On n’est plus complètement sûr depuis des années, quand on ouvre un roman signé Sollers, de n’avoir pas affaire à un faux. Un pastiche. Un type qui se ferait passer pour Sollers, qui aurait embobiné la chaîne de fabrication chez Gallimard, et réussi sous ce nom à publier un livre où il imiterait les tics de l’auteur de Femmes, jusqu’à berner les critiques qui, sans le savoir, encensent depuis des années les romans d’un imposteur. Si ça se trouve, Sollers lui-même marche dans la combine ; peut-être en est-il l’initiateur. Il s’est trouvé un nègre, un type dégourdi doté d’un bon sens de l’humour, à qui il a fixé un cahier des charges ; contre rémunération, il lui a confié le soin d’écrire chaque année un petit roman dont Sollers est le héros, à paraître l’hiver chez Gallimard. Et ça marche : on n’y voit que du feu. Les faux Sollers, du reste, sont meilleurs que les vrais. Dans ce fameux cahier des charges, on trouve sans doute des consignes comme celles-ci : « – Ecrire en paragraphe courts, deux interlignes entre chaque. – Citer Baudelaire. – Citer Mozart. – Citer la Bible. – Pornographie (pas trop). – Heidegger, Hölderlin. – Des anecdotes, telles quelles ; le moins de commentaire possible, pour faire croire qu’elles parlent d’elles-mêmes. – Eventuellement : Proust, peinture, architecture. – Citer Sollers. – Dire : Bref, Passons, Notez que. – Dire : n’a jamais été lu et/ou n’a jamais été compris (exemples : le rite catholique, la pensée chinoise), etc. – Libertinage, amour libre, etc. »

On ignore le nom du nègre qui a écrit L’Ecole du mystère, mais il est doué : le contrat, s’il existe, est respecté.
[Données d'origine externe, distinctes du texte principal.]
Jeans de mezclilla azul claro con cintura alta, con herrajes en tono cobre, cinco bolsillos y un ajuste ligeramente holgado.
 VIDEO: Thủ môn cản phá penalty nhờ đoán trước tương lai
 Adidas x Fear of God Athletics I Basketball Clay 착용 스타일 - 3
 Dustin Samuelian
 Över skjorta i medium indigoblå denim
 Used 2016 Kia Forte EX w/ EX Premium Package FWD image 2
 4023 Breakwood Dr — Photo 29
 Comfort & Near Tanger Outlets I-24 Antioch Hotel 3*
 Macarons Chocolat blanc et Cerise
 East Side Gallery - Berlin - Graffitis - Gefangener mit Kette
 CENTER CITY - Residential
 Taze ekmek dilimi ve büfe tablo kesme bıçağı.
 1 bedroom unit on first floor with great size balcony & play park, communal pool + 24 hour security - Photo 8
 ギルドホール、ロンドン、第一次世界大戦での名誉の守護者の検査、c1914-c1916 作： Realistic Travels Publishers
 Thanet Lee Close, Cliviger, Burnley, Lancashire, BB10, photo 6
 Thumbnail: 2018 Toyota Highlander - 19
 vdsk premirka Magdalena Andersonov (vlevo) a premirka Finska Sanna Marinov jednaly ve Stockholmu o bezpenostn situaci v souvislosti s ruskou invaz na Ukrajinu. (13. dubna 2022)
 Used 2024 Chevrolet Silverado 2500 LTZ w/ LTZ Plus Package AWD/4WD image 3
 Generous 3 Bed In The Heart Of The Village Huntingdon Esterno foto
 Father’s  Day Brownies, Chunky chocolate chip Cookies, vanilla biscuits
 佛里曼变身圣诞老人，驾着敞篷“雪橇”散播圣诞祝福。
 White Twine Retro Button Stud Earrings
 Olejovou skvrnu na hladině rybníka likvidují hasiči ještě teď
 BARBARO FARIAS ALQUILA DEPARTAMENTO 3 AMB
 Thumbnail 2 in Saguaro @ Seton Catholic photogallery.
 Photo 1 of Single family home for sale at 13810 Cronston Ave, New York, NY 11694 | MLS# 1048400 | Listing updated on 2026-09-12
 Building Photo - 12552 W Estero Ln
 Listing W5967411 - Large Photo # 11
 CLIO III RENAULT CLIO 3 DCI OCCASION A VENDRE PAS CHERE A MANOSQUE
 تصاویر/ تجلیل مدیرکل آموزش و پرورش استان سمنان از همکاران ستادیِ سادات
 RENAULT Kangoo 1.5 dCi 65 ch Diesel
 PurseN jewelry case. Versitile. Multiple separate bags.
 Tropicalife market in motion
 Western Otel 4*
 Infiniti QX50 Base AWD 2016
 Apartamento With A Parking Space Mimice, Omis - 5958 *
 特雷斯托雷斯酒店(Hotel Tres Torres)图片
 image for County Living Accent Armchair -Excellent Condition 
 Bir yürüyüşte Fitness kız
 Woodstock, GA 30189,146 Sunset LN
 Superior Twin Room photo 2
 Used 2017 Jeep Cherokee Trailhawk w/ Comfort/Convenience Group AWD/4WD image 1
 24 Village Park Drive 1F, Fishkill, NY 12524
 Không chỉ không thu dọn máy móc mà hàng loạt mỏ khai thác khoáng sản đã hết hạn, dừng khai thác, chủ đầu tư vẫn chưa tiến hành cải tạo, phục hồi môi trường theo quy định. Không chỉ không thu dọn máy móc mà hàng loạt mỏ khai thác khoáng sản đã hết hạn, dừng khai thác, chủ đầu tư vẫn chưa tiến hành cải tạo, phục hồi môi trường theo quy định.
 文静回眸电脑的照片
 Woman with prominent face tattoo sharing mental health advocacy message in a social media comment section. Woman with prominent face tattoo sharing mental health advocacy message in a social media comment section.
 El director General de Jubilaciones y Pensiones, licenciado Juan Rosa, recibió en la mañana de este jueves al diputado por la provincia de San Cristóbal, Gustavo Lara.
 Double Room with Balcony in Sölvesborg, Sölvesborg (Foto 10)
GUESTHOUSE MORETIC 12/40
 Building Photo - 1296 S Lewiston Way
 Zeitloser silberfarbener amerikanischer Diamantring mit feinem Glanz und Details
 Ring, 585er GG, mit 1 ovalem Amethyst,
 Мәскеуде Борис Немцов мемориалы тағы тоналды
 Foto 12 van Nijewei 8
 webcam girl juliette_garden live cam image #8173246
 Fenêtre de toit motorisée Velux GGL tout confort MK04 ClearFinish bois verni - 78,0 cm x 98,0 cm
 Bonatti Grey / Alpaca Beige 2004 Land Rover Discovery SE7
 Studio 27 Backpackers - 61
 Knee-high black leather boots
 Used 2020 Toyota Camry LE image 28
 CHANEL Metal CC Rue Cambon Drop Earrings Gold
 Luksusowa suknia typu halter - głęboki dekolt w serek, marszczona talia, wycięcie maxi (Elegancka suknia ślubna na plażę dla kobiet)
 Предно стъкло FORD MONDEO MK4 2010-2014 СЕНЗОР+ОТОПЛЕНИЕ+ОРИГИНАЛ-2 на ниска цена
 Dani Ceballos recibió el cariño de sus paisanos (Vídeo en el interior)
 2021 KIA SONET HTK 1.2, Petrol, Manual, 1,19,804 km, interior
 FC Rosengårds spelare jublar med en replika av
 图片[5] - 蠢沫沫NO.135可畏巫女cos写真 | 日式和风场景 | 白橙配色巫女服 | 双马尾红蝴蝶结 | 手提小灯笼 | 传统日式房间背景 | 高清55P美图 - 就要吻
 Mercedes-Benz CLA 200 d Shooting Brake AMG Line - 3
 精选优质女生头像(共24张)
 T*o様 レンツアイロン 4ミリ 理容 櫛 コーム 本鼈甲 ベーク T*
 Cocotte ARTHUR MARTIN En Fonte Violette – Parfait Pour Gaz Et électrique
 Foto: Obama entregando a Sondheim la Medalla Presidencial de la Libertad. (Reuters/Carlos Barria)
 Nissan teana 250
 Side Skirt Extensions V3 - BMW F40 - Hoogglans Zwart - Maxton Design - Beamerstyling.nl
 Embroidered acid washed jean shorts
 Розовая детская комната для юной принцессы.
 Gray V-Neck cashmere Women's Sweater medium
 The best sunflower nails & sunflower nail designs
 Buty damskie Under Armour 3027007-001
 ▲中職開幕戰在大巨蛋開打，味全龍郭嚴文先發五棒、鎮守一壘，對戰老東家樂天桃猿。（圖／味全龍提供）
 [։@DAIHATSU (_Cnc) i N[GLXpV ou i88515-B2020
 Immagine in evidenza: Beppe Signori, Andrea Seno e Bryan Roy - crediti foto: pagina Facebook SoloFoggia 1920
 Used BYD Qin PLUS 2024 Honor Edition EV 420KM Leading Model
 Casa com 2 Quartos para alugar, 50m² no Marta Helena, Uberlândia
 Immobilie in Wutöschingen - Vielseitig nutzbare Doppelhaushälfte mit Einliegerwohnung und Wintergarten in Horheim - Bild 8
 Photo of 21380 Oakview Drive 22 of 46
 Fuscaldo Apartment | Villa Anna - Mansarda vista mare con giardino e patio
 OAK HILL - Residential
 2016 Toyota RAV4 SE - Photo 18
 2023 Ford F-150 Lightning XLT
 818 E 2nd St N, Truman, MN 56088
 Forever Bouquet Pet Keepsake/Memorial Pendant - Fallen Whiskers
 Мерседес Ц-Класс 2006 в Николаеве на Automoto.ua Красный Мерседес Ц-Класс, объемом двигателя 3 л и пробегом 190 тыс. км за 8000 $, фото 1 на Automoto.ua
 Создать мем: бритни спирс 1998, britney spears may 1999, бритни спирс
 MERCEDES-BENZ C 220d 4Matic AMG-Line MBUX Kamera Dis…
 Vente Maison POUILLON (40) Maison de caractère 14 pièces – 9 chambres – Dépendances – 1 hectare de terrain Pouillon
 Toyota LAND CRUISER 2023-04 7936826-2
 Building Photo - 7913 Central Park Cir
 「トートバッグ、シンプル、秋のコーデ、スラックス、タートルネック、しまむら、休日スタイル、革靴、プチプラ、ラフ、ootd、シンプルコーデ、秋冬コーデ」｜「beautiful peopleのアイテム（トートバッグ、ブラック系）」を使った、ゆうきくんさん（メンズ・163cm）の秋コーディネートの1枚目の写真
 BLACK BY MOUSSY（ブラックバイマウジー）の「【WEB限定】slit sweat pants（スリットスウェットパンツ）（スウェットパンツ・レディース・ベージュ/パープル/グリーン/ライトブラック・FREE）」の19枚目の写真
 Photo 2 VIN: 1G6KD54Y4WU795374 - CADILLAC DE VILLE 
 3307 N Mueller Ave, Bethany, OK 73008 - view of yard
Rien ne manque, chaque clause est obéie, le résultat est sollersien en diable. Ce roman se lit avec plaisir ; on saute du coq à l’âne, d’un sujet intelligent à l’autre, en prenant soin d’effleurer, sans approfondir. Il y a des farces, des gags de vieux potache. Le titre oppose deux écoles : la vraie, celle de la République et des gens normaux, où l’on s’ennuie et n’apprend rien (soumission, grégarisme, morale conventionnelle, étouffoir social, etc.) ; celle, sollersienne, du mystère et de la beauté (la vie, les femmes, la liberté, etc.). Un personnage de ravissante bécasse, Fanny (ou quel que soit son nom), est là pour rappeler qu’il ne suffit pas de vouloir s’inscrire dans cette école pour y entrer : combien se piquent de littérature et d’intelligence, qui restent des crétins imperméables à la beauté ! De toute façon, la beauté, seul Sollers, de nos jours, y a encore accès. On sera embêté, le jour où il ne sera plus là. Au fait, question : des romans de Sollers sortiront-ils encore, quand Sollers sera mort ? On pourrait monter une usine de pastiches. Il suffirait aux employés de recombiner les clauses du cahier des charges. Vous vous demandez si cette usine n’existe pas déjà, et si L’Ecole du mystère n’en sort pas. Ce qui revient à vous demander si Sollers n’est pas mort. Erreur : Sollers est immortel. Il cabotine dans l’éternité, avec le génie qui lui est propre.